Nirlon Ltd. (“the Appellant”) was engaged in the manufacturer of Tyre Cord Yarn (“TCY”) and Tyre Cord Fabric (“TCB”) falling under Chapter 54 and Chapter 59 of the First Schedule to the Central Excise Tariff Act, 1985 respectively, at its Goregaon factory. The products so manufactured were sold by the Appellant at the factory gate as well as removed for captive consumption to its another factory at Tarapur for utilising in manufacturing of final products.The Appellant paid duty on captive consumption of TCY taking value as that of ex-factory sales and price declaration for the same were filed with the Department.

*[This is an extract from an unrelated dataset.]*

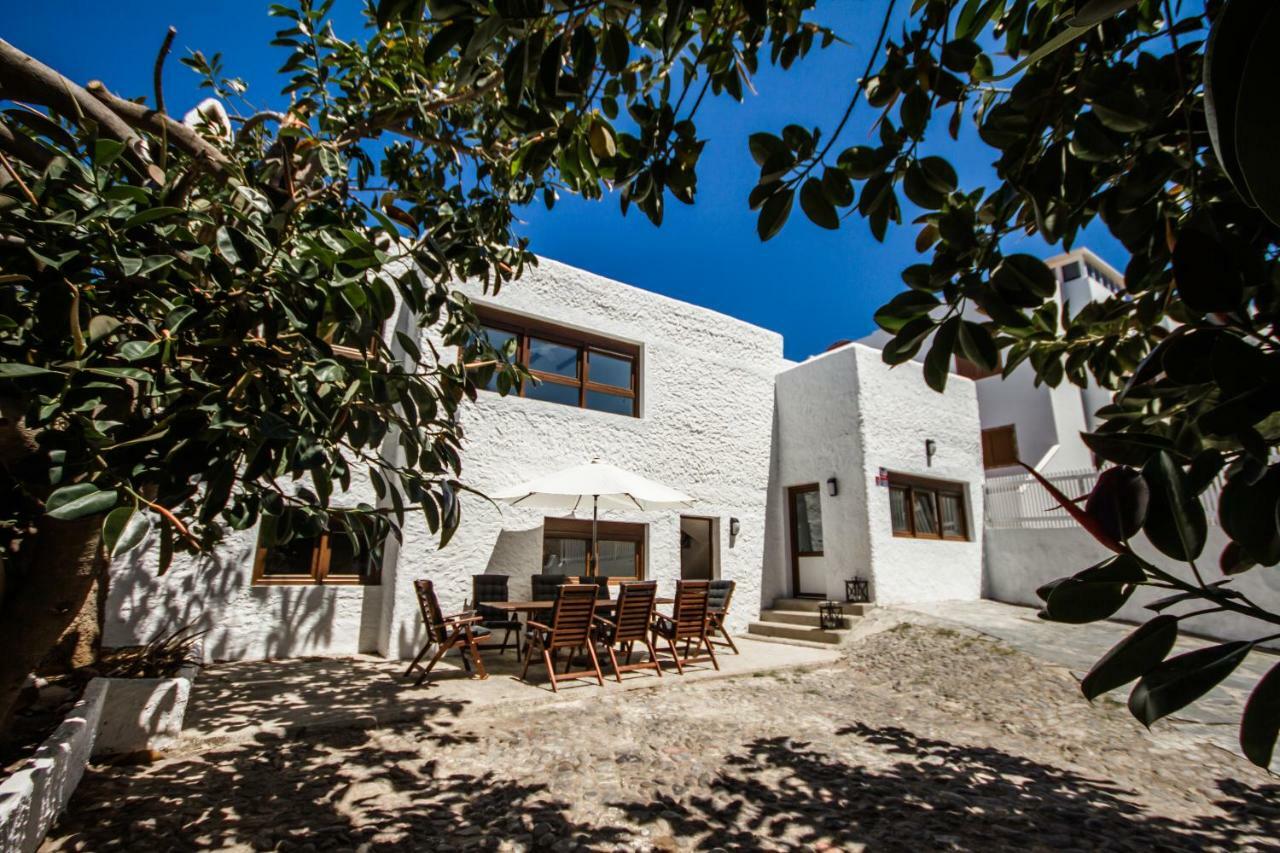 Las Nieves Blue Agaete  Kültér fotó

After examination, it was found that there was a difference between the goods which were cleared at the factory gate to be sold to the third parties and the goods removed for captive consumption by the Appellant for its Tarapur factory. Accordingly, the Ld. Commissioner appointed a Cost Accountant for verification and in his Report, it is was submitted that the two goods are different from each other and therefore, price declaration which was filed by the Appellant in terms of Section 4(2) of the Central Excise Act, 1944 (“the Excise Act”) read with Rule 6(b)(i) of the erstwhile Central Excise Valuation Rules, 1975 (“the Excise Rules”) was incorrect.
Accordingly, the Department issued two Show Cause Notices to the Appellant demanding differential duty under Rule 6(b)(ii) of the Excise Rules along with penalties by invoking extended period of limitation. On appeal being filed to the Hon’ble CESTAT, the matter was decided against the Appellant.
Being aggrieved, the Appellant preferred an appeal before the Hon’ble Supreme Court.
The Hon’ble Apex Court held that even though the goods were found to be different, payment of duty taking comparative value was done with bona fide belief. When entire exercise was revenue neutral (i.e. credit of duty paid on captive consumption was available to the Appellant itself), the Appellant could not have achieved any purpose to evade duty. Hence, extended period of limitation and consequent demand was set aside.
However, the Hon’ble Supreme Court upheld demand for the period not barred by limitation by holding that the goods which were removed for captive consumption to be used by Tarapur Factory were to be valued under Rule 6(b)(ii) of the Excise Rules and the price declaration given by the Appellant applying Rule 6(b)(i) of the said Rules was erroneous.